* What the exercise asks *
Find "a cobblestone street" and "Young guy cruising on a jet ski" in the records below. Copy the lines holding them and every line between, exactly, and no others.

* Material supplied *
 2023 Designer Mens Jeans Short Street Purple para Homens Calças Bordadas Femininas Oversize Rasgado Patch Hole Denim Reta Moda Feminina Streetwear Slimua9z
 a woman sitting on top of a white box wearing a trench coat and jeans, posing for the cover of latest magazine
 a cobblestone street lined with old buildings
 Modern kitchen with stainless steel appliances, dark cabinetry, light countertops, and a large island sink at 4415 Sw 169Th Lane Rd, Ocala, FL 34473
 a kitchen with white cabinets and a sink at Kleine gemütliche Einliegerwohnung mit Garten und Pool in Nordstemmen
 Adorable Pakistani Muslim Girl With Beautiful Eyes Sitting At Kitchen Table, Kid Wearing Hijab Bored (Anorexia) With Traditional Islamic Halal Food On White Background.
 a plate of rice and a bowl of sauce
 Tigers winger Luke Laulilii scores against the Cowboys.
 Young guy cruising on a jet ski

==

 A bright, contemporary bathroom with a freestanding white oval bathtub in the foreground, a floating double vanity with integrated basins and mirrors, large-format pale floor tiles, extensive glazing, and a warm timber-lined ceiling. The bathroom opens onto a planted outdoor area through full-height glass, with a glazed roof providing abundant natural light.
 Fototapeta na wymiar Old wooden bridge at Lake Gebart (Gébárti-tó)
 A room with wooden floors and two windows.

* Completed task *
 a cobblestone street lined with old buildings
 Modern kitchen with stainless steel appliances, dark cabinetry, light countertops, and a large island sink at 4415 Sw 169Th Lane Rd, Ocala, FL 34473
 a kitchen with white cabinets and a sink at Kleine gemütliche Einliegerwohnung mit Garten und Pool in Nordstemmen
 Adorable Pakistani Muslim Girl With Beautiful Eyes Sitting At Kitchen Table, Kid Wearing Hijab Bored (Anorexia) With Traditional Islamic Halal Food On White Background.
 a plate of rice and a bowl of sauce
 Tigers winger Luke Laulilii scores against the Cowboys.
 Young guy cruising on a jet ski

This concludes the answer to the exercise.